Written By: Abigail Cambal
Published On: December 12, 2022
Edited by: Juliana Cummings

Antique swords come from all over the globe and have long been treasured and studied by several collectors, historians, and connoisseurs. Several masterpieces are already in museums, though some are within reach. Some are prized for their historical value, while others are appreciated for their beauty and craftsmanship.

Let’s explore the most sought-after antique swords, their historical background, and factors to consider before buying them.

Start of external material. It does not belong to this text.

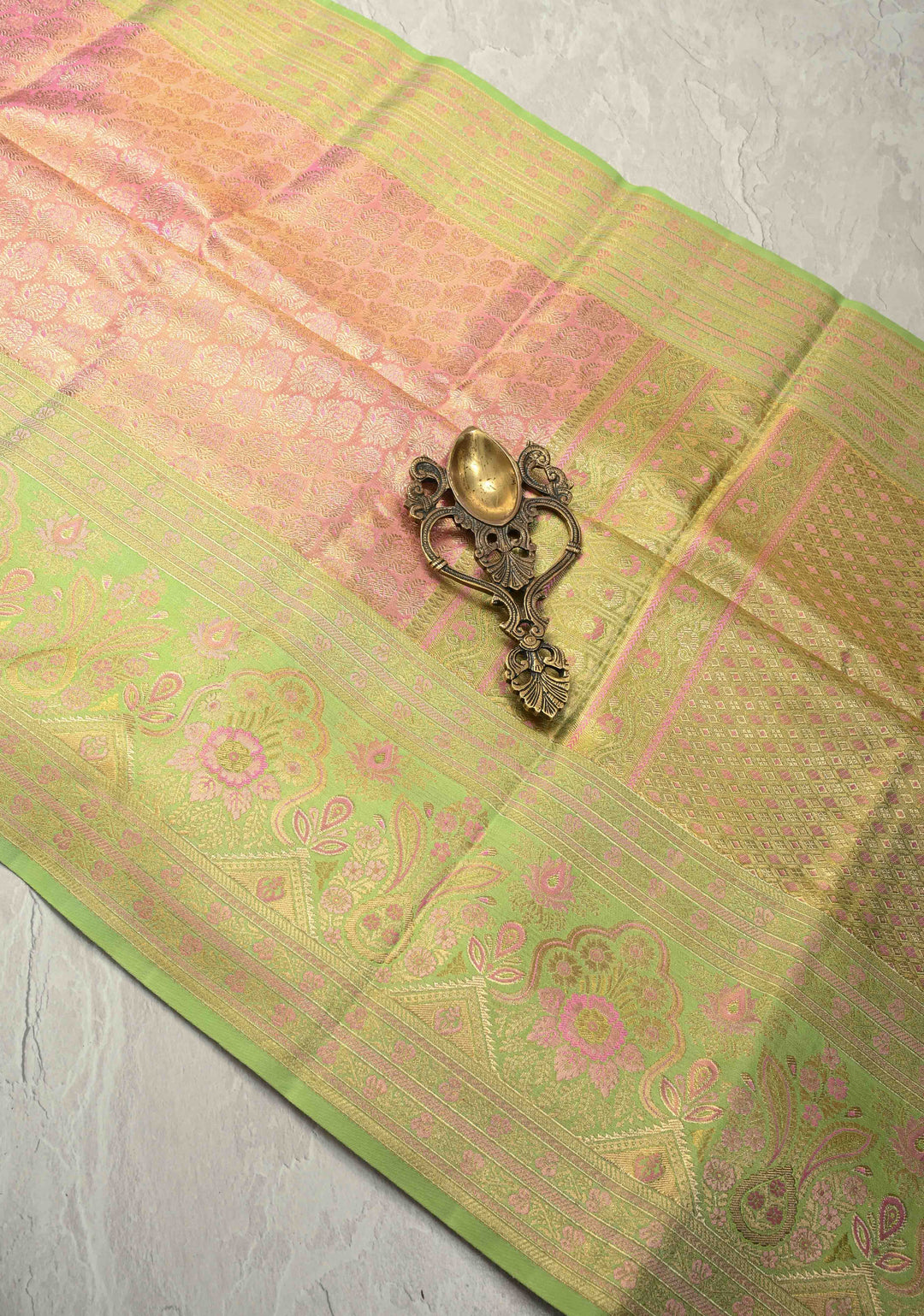 Rose Pink Meenakari on Pure Kanjivaram Tissue Silk Saree with Floral Zari Brocade and Contrast Zari Border | SILK MARK CERTIFIED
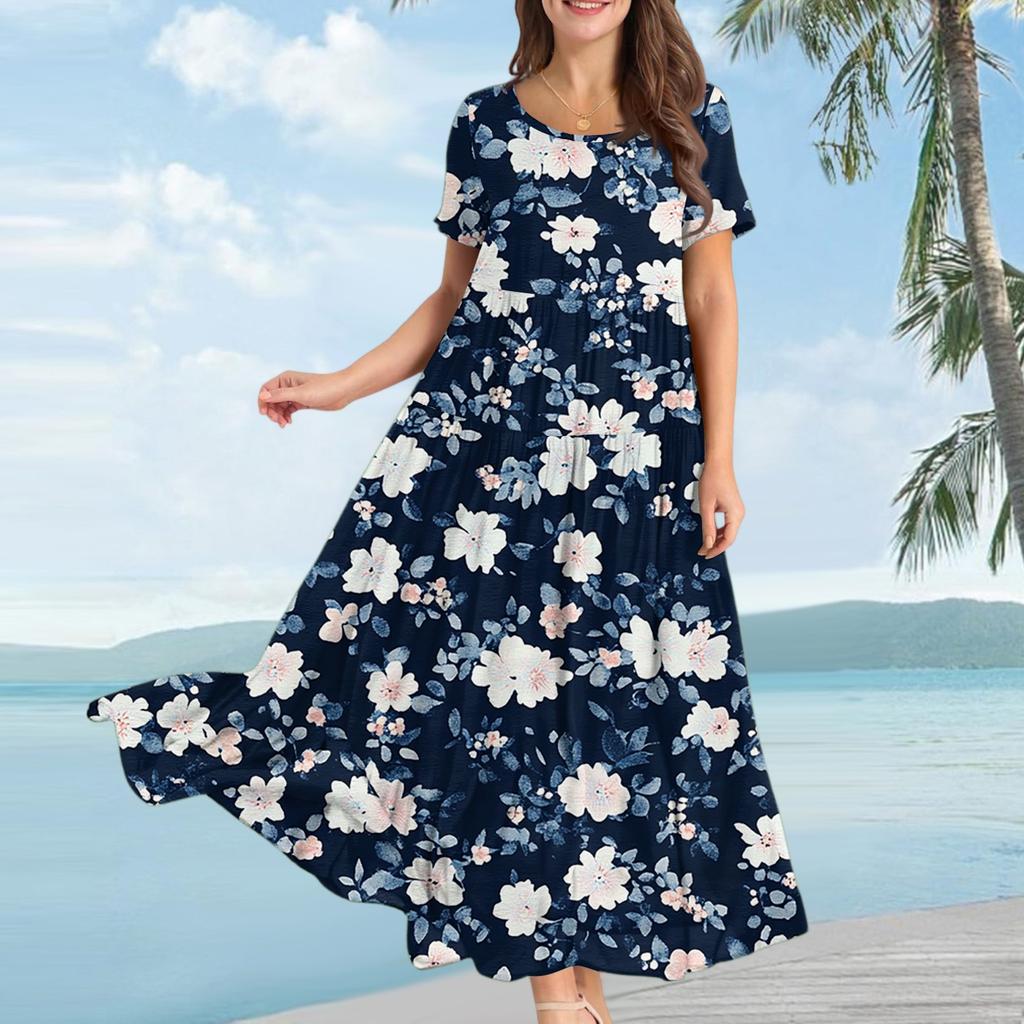 Women's Casual Loose Bohemian Floral Print Short Sleeve Dress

Types of Antique Swords and Their History

Throughout history, swords served not only as powerful edged weapons, but also as symbols of war, power, justice, and nobility. Many collectors value antique swords based on their historical background and the purpose for which they were used. For example, some of their previous owners may be well-known historical figures or the swords were significant in historical battles or campaigns.

1. Japanese Swords

Daisho Sword Set
A katana (top) dated 1440, and a 15th century wakizashi (bottom)- Credits: Met Museum

Japanese swords have long been associated with the samurai of feudal Japan, especially the katana sword. The samurai warriors used the katana as a slashing weapon when fighting on foot. It also became customary to wear two swords called daisho, in which the short sword wakizashi accompanied the katana as a backup weapon.

The term nihonto refers to blades made by Japanese licensed swordsmiths using traditional production methods, as opposed to Japanese-styled swords not made in Japan. Many associate it with the long sword katana, though it can also be applied to the wakizashi and tanto dagger. The antique nihonto have artistic value and historical significance, especially if they were forged by a famous swordsmith.

2. Chinese Swords

Chinese Swords by Gary Lee Todd Ph.D.
Various Chinese Swords – Credits: Gary Lee Todd, Ph.D.

The double-edged jian and the single-edged dao were among the primary weapons of Chinese warriors. The former was more popular than the other though the curved dao was easier and more practical to use.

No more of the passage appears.